Acute stroke care measures, particularly antithrombotic use and statin therapy, were associated with reduced odds of long-term mortality. The benefits of these acute care measures were less likely among Hispanic patients.

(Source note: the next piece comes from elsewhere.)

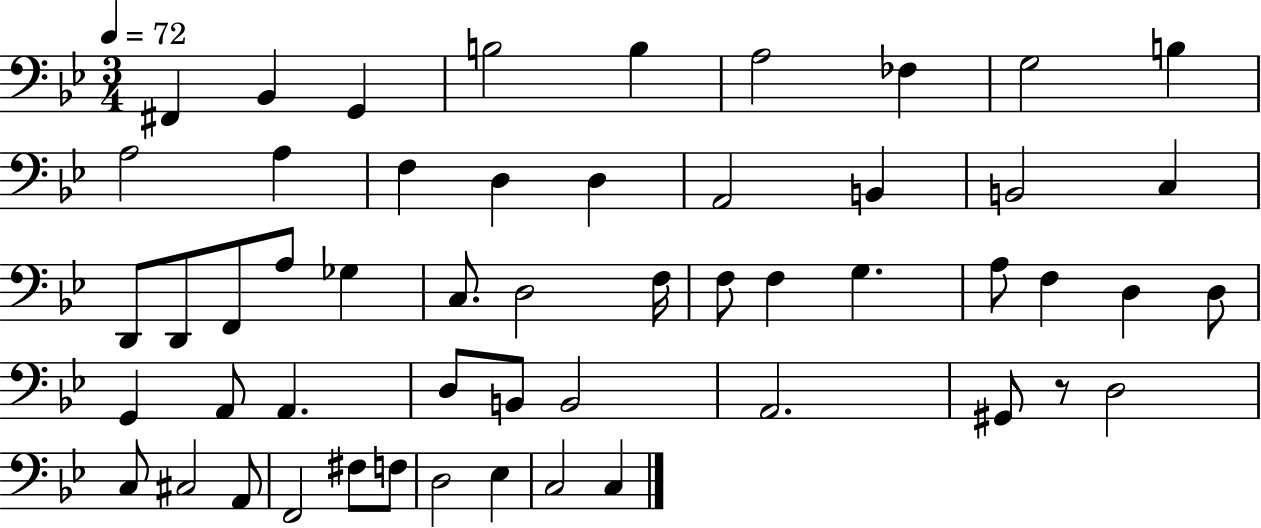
F#2/q Bb2/q G2/q B3/h B3/q A3/h FES3/q G3/h B3/q A3/h A3/q F3/q D3/q D3/q A2/h B2/q B2/h C3/q D2/e D2/e F2/e A3/e Gb3/q C3/e. D3/h F3/s F3/e F3/q G3/q. A3/e F3/q D3/q D3/e G2/q A2/e A2/q. D3/e B2/e B2/h A2/h. G#2/e R/e D3/h C3/e C#3/h A2/e F2/h F#3/e F3/e D3/h Eb3/q C3/h C3/q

Results underscore the importance of optimizing acute stroke care for all patients.



中文翻译:

坚持急性护理措施会影响缺血性中风患者的死亡率:佛罗里达中风登记处

目标

急性中风护理中的种族/民族差异如何导致结果差异尚不清楚。我们检查了急性卒中护理措施与第一年内死亡率和按种族/民族划分的 30 天再入院率之间的关系。

材料和方法

该研究包括 2010 年至 2013 年在佛罗里达州中风登记处的 66 家医院接受治疗的 65 岁以上的缺血性中风的按服务收费的医疗保险受益人。卒中护理指标包括静脉阿替普酶治疗、院内抗血栓治疗、DVT 预防、出院抗血栓治疗、抗凝治疗、他汀类药物使用和戒烟咨询。我们使用混合逻辑模型来评估卒中护理和死亡率(住院、卒中后 30 天、6 个月、1 年)和按种族/民族再入院之间的关联,并根据人口统计、卒中严重程度和血管危险因素。

结果

在整个研究人群中的 14,100 名缺血性卒中患者(73% 白人、11% 黑人、15% 西班牙裔)中,住院死亡率为 3%,30 天时为 12%,6m 时为 21%,1 年时为 26%,15% 30 天内再次入院。早期和出院时接受抗血栓药物治疗的患者在所有时间点的死亡率均较低,而对早期抗血栓药物使用的保护性关联在白人中最强。出院时接受他汀类药物治疗的合格患者降低了 6m 和 1y 死亡率,但特别是在少数群体中。他汀类药物治疗与较低的 30 天再入院率相关。

结论

急性卒中护理措施,特别是抗血栓药物的使用和他汀类药物治疗,与降低长期死亡率的几率有关。在西班牙裔患者中,这些紧急护理措施的益处不太可能。结果强调了为所有患者优化急性卒中护理的重要性。